While trying to figure out why an unusually low percentage of my right pair (R2) RNAseq reads were aligning with tophat (~45%), I noticed something strange in my fastqc1 output2: an extremely high over-representation of homopolymers (any of A,C,G, or T) at the 3' end.
These reads had already been processed to remove illumina adaptor sequences and low-quality bases from the ends; as such these bases are high-quality calls. To check if these sequences were affecting tophat, I lopped off 20 bases from the 3' end, and read mappability jumped to 85% as per usual, confirming that these are untemplated bases that bowtie1, an end-to-end mapper, cannot handle (I am using bowtie1 instead of bowtie2 as this is a gene fusion pipeline).
This is a batch-specific effect: I have observed the same issue in all samples from a specific sequencing run (i.e. they were all sequenced on the same flow cell). In addition, the base quality at the 3' end was especially poor in these samples, necessitating a first round of quality trimming, prior to which the tophat mapping rate was even lower (<10%). The issue is also specific to the right pair reads -- left pairs are fine. I'm just wondering if anyone has observed these homopolymeric runs before and has been able to track down their source.
If this is a batch specific effect perhaps you should ask this question to the person who prepared those libraries (hopefully he has full protocols for both cases to compare).

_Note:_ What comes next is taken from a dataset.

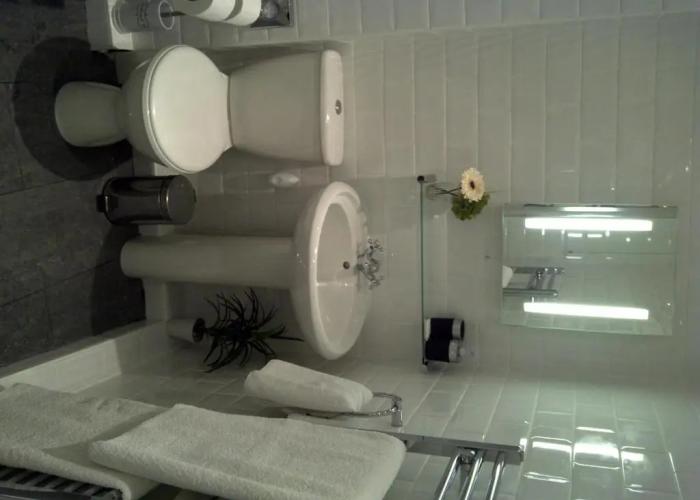 Senlac Guesthouse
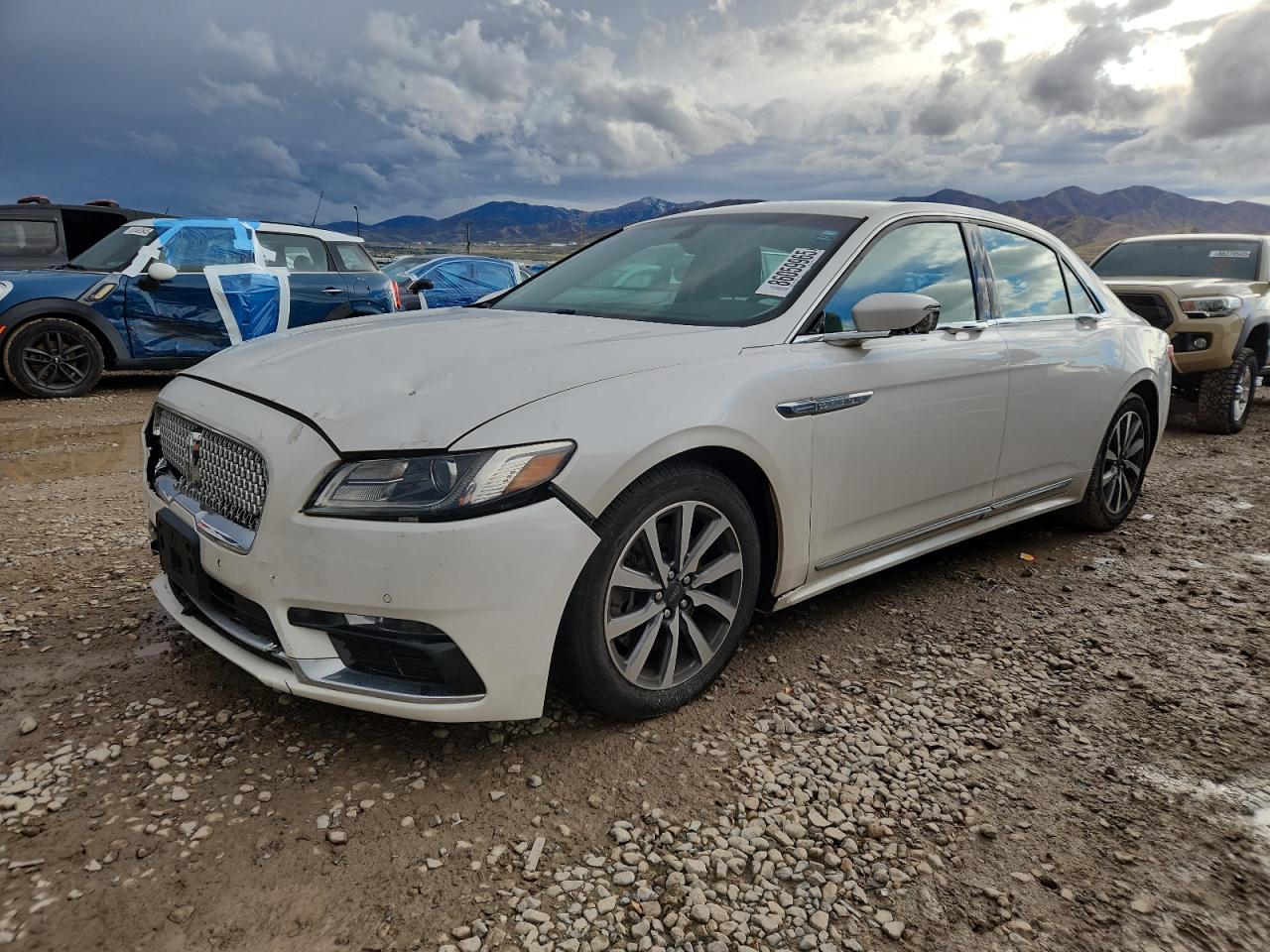 2017 LINCOLN Continental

Library prep and sequencing was done by the same facility for all batches, just spread out over a few months. I would guess that the same protocol was used in each case, but just that something strange might have happened in this particular case to cause this effect. I will certainly bring this to their attention, but I posted here thinking this might be common enough that someone would have already experienced the issue and figured out the cause.
Dear Mikhail,
I'm currently working with Oncofuse to help characterize my fusion calls made by Tophat-Fusion. I was reading the paper and noticed that the first author's name sounded familiar and reminded me of this post from awhile back, which is fortuitous because I am having a problem with Oncofuse that I hope I can ask you about (apologies for the inappropriate use of these forums but I thought it was worth a shot). The problem is that for a given fusion event, Oncofuse seems to consider both the fusion and its reciprocal. However in RNAseq, usually there is only evidence for one of these fusions actually being expressed (i.e. spanning and encompassing reads only map across one or the other possible fusions). This leads to what appears to be mistakes by Oncofuse where it claims a very high "driver probability" but for the wrong fusion, i.e. the reciprocal fusion for which expression evidence doesn't exist. Is this intended behaviour, a bug, or am I misinterpreting the output? Again, I apologize for using this forum to contact you directly. I would be very grateful for any advice.
Sincerely,
Ethan
Hello Ethan!
Sure, no problem to ask here, just keep in mind that there is a dedicated thread for Oncofuse, Oncofuse: Prediction Of Driver Gene Fusions From Ngs Data. You are correct that Oncofuse does not take into account the sample expression data, yet it is able to distinguish a fusion and its reciprocal. For example the BCR-ABL1 gets P-value of 1e-8, while ABL1-BCR gets P=0.88, according to a simple check with this data (coord format):
I cannot rule out false-positives of course, so you might want to pre-filter according to fusion expression level, e.g. number of encompassing/spanning reads. If you still feel that this is an erroneous behavior, you can mail me a sample of your gene list so I can check it.
Hey, thanks for your response. I have a follow up but I will post it on the dedicated thread. Cheers!